La comunicación es lo que nos diferencia del resto de los seres vivos. Es de las primeras habilidades que todos aprendemos pero que muy pocos llegan a dominar de manera eficaz. Es ese don tan preciado que nos permite relacionarnos y vivir en sociedad; decir aquello que queremos, que tememos, de lo que nos alegramos, por lo que lloramos y reímos.
Voluntaria o involuntariamente, siempre comunicamos. Ahora bien, lo verdaderamente interesante no es tanto lo que se dice cuanto lo que se entiende, lo que se interpreta. Es responsabilidad del emisor, pues, que sus palabras sean fieles a su pensamiento y así de fieles sean percibidas por el receptor. Es ahí cuando entran en juego las emociones, esas reacciones psicofisiológicas que nos impulsan a actuar. Vivimos en una sociedad cada día más emocional en la que vende más el envoltorio que el producto en sí: neuromarketing, neuropolítica, neurociencia, neurocoaching, neurocomunicación… Las emociones van copando y ocupando nuestras mentes por encima de toda lógica. Ese nivel emocional de la comunicación condiciona el nivel racional y cuando las palabras irrumpen en nuestro cerebro, nuestras emociones salen a flor de piel, dando prioridad a esos estímulos que persuaden, que convencen y que vencen al auditorio.

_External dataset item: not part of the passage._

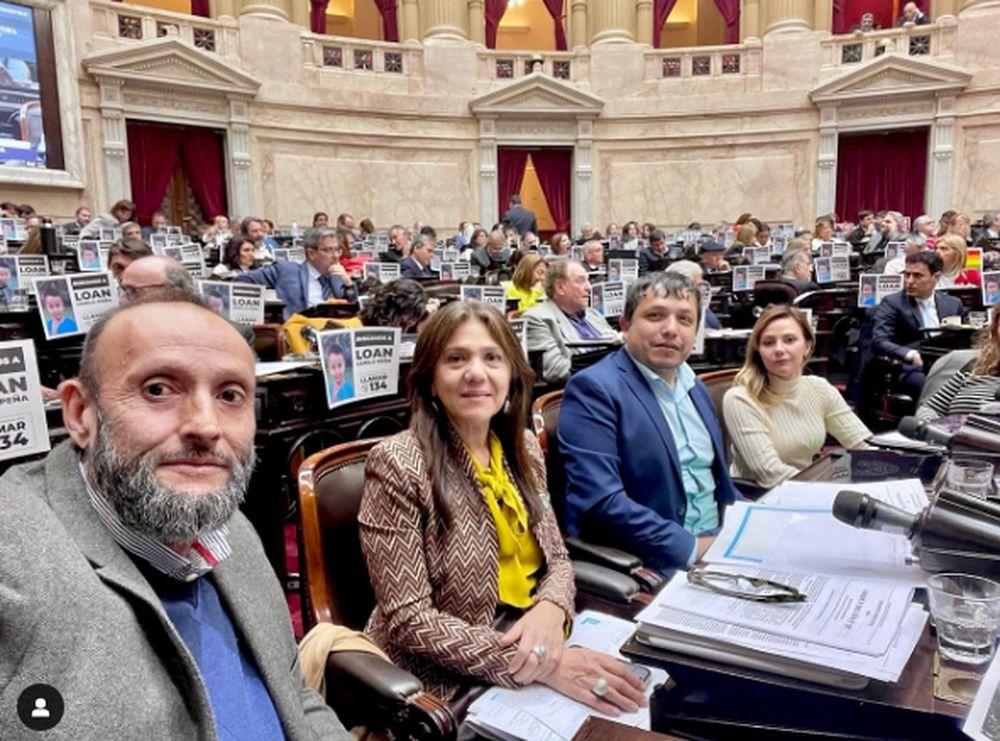 Votación. Ávila, Nóblega y López Rodríguez&nbsp; apoyaron en ganancias. Ginocchio se abstuvo.&nbsp;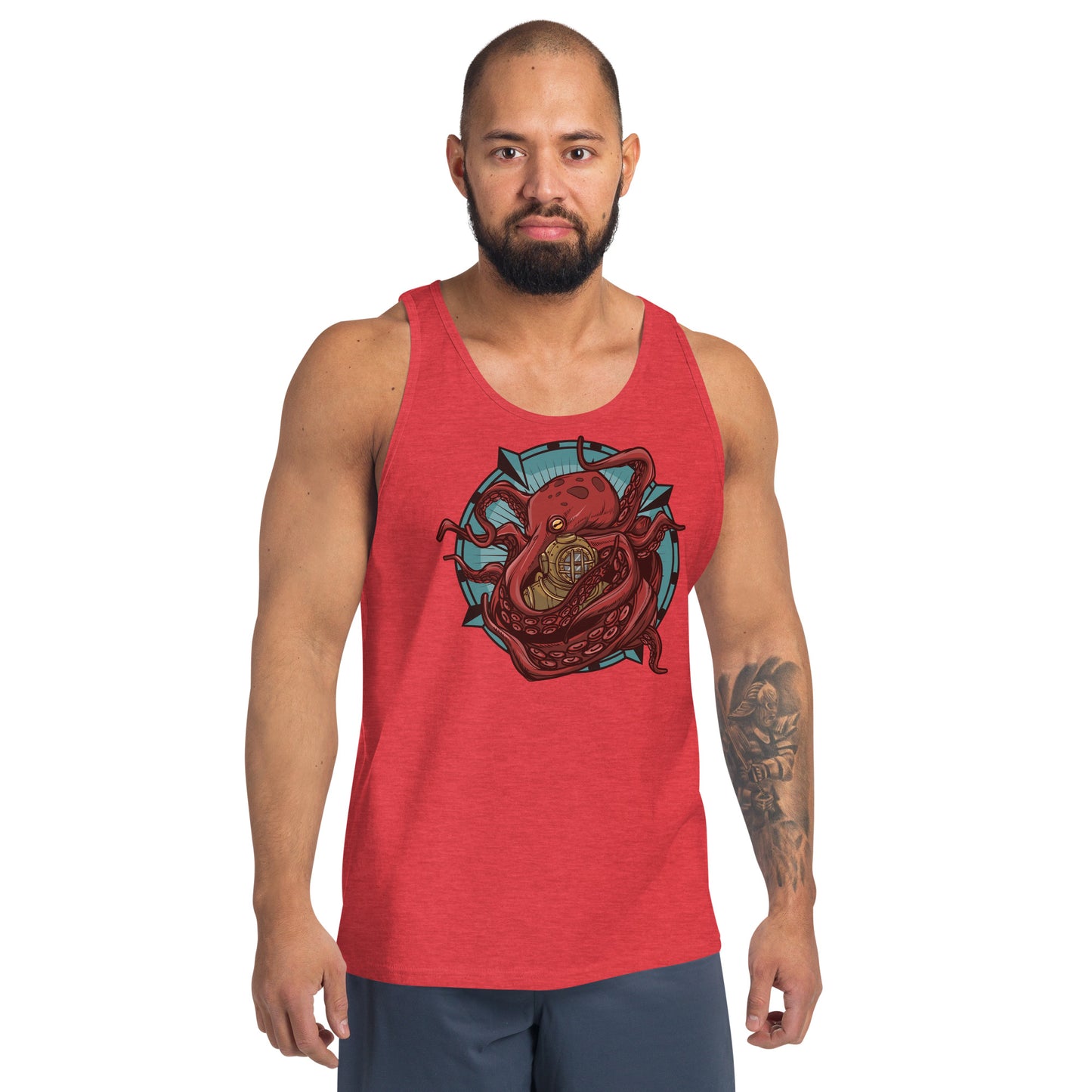 Reid Likes Games 'Love Runs Deep' Men's Tank Top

Son múltiples los factores y los elementos que dotan de emoción a nuestras palabras, que hacen que acaricien almas, que conquisten corazones, que sean el motor que posibilita o que impida que existan avances en nuestra sociedad. Nuestros patrones comunicativos deben cambiar dependiendo de a quién tengamos en frente. No se trata de reprimir nuestras palabras, sino de controlarlas, de mimarlas, de cuidarlas para conseguir el efecto deseado. Consiste en sobrepasar el nivel de la lógica para actuar directamente en el nivel de los instintos.
Emociona con tus palabras. Palabras para sentir.